Adding indexes dramatically reduces CPU load. Say you’re using 90% of your DB CPU. You might want to scale the server 2x CPU to handle 2x load, but if most of your queries are unindexed, adding indexes might reduce your CPU load by 10x, so it’s worth investigating.
6. Keep an eye on your cloud bills. It's easy to forget about your bills when you’re in a rush. Set up budget alerts in your billing system. Bandwidth is especially pricey. If you're unable to move your content to a CDN or to dedicated hosting services like 100tb.com or leaseweb, the prices are still high.
7. Avoid state in your app. Though it's possible to scale CPU and RAM resources in the cloud, there is still a limit that you can't overcome. At that point, you’ll want to scale horizontally by adding new instances of the same app—but your app should be ready for it. When you have multiple instances of the same app, your users' requests are distributed across multiple servers, so you can't store the data on a local disk.

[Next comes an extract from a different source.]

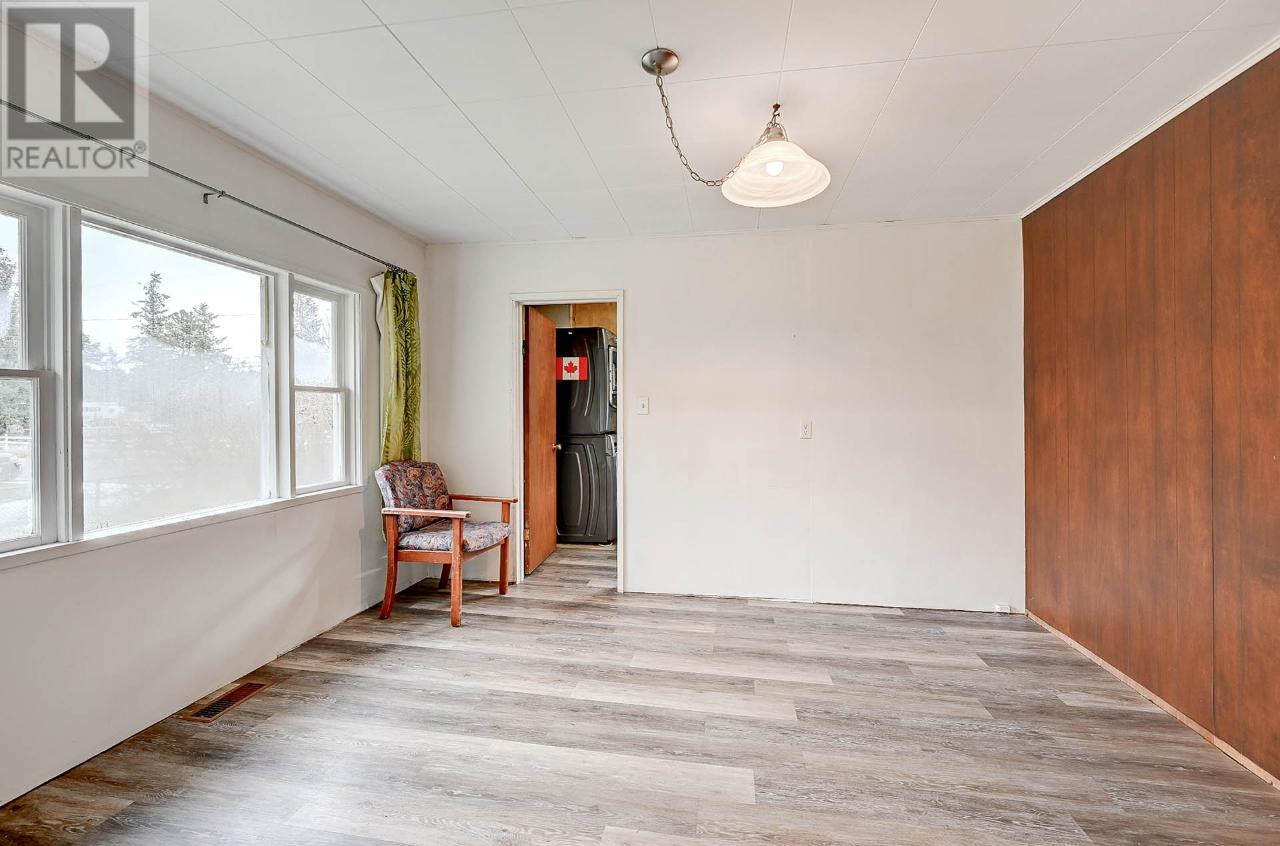 For sale 381 VAVENBY BRIDGE RD, Clearwater, British Columbia 175886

8. Consider moving to the cloud if you're on a dedicated hosting. You can’t easily scale when you’re using dedicated hosting; it would take time to add more servers. It could take anywhere from a couple of hours to a couple of days to get new servers available, and usually you pay by the month, not by the hour. You don’t want to wait hours or days if you’re already down. It’s much easier to scale in the cloud.
9. Tune your infrastructure. There are some basic things that are disabled by default that you might want to configure in your OS, network layer, app management, and programming language manager; they might reduce your resource usage dramatically. Google for “your-tech-stack tuning” and follow the basic recommendations.
10. Be ready to start a minimal/cached version. Despite any of your efforts, if you get a 100x spike in traffic, you’ll be down. It takes time to scale up, so be ready to serve a static cached version. You might use Cloudfront/Cloudflare cache for this, or your CDN cache, nginx cache, or anything else. Just make sure that you’re able to do it when you need to.